*The task*
Scan the lines below for "para" and copy the matches.
Records provided below:
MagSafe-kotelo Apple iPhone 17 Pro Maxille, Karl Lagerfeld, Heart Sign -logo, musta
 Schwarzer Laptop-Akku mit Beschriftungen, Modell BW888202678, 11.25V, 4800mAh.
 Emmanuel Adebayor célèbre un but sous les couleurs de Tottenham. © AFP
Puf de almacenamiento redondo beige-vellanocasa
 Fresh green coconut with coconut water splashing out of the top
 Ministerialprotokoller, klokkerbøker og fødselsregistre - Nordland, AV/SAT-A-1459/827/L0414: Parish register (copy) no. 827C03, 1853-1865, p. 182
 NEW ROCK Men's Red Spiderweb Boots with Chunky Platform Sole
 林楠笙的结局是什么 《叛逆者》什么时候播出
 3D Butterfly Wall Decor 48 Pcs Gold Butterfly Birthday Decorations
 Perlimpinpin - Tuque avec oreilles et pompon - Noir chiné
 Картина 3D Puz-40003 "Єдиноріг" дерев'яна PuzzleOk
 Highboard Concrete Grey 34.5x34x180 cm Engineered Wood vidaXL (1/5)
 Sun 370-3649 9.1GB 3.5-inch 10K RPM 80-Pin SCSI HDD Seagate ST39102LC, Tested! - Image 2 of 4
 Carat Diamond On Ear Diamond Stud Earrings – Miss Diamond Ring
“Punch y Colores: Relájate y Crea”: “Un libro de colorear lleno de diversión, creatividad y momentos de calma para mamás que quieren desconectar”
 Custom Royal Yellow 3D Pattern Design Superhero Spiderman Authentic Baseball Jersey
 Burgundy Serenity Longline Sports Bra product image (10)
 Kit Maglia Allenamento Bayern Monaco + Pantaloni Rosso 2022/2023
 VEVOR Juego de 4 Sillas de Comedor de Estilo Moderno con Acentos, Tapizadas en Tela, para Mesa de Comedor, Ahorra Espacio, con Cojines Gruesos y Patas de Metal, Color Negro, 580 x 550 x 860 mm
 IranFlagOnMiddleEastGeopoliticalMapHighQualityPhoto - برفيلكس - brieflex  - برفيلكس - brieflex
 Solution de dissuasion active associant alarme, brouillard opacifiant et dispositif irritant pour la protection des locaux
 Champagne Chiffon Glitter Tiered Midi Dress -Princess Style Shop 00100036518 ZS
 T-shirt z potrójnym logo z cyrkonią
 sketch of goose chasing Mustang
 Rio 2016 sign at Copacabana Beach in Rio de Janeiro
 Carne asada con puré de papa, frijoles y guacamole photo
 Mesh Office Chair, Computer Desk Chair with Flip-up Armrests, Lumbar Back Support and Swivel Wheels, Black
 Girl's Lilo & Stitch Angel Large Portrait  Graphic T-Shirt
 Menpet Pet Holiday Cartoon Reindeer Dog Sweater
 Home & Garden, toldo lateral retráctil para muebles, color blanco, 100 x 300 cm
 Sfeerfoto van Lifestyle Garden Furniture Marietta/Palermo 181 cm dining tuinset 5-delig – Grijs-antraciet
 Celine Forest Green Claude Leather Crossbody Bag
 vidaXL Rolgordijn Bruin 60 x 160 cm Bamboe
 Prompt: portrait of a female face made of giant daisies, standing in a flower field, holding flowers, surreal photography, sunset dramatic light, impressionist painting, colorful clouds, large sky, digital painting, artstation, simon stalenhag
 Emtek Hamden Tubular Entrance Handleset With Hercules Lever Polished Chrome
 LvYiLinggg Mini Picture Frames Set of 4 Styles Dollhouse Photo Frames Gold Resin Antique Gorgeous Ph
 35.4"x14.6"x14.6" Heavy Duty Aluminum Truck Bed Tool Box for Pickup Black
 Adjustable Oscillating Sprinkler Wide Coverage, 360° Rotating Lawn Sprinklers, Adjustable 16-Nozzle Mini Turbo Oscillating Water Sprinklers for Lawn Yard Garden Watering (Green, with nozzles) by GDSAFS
End of Records provided.
*Final answer*
“Punch y Colores: Relájate y Crea”: “Un libro de colorear lleno de diversión, creatividad y momentos de calma para mamás que quieren desconectar”
 VEVOR Juego de 4 Sillas de Comedor de Estilo Moderno con Acentos, Tapizadas en Tela, para Mesa de Comedor, Ahorra Espacio, con Cojines Gruesos y Patas de Metal, Color Negro, 580 x 550 x 860 mm
 Home & Garden, toldo lateral retráctil para muebles, color blanco, 100 x 300 cm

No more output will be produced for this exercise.